This is exactly where I would like to see the market go.


----------



## Stewart Vernon

Gloria_Chavez said:


> Stewart, I have one question for you and others who insist that we're not going a-la-carte. How do you see the PayTV industry evolving?.


I think (as I've said) the market has spoken and a la carte across the board is not coming back. Whenever people were given the choice of individual channels vs bundled channels w/ discount, people generally choose more options.

Having said that... given the economy right now AND the general model, I agree that there has to be a price ceiling somewhere... (I started a thread in the General Sat forum to try and find out where people think that price ceiling is, but it isn't getting much traffic).

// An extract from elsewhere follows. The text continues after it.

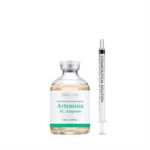 Dr. CPU Artemisia Arc Ampoule (50ml) _ Premium Soothing & Purifying Ampoule _ High-Concentration Syringe Type _ Made in Korea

Ultimately we all have a price beyond which we will pay no more... and if the cost comes to that point, we will drop packages to stay within our budget.

When that happens... the only way for companies to increase their profit will be for marginal channels to drop off the board.

Strangely, a la carte AND bundles could have the same future... that being a future with less channels available for the same money we pay now.

So I don't see new channels being added at nearly the same rate we have seen in the past 10 years. Also, some SD channels might never have the money to go HD... and those ultimately will fail and go away as more and more people adopt HD as their sole viewing option.

I see larger suites like HBO eventually being forced to save money and consolidate their channels... showing essentially the same movies with less repeats on half or less of the current channels they have now.

I see the same with channels owned by the same company... I'm surprised, for example, that Universal HD didn't go away once NBC/Universal upgraded all their other properties (USA, Syfy, etc.) to HD.

I'm amazed that we still have the CW and the FOX-owned My Network. I'll be surprised if they are still around in 5 years.


----------



## Stewart Vernon

demsd said:


> What about emergency broadcasts? Wasn't that part of the hoopala during the analog to HD switch? Or, was the low cost and/or free conversion boxes for another reason?


I had this same argument back then... There was hoopla to provide free converter boxes... but no hoopla to provide free antennas, install those free antennas, and provide free electricity to power those.

Even the "emergency broadcast" scenario isn't applied across the board.

The guarantee is that IF you have the right equipment to receive OTA, then you can watch for no additional cost... but there is no caveat that says you are entitled to receive for free via cable or satellite or internet IF you can't or choose not to receive via OTA.

To continue along these themes... the US Constitution guarantees "Life, liberty, and the pursuit of happiness"... but it guarantees no specifics. In other words, you aren't guaranteed a home to live in or food to eat or video games to play. You are only guaranteed the opportunity to obtain those things.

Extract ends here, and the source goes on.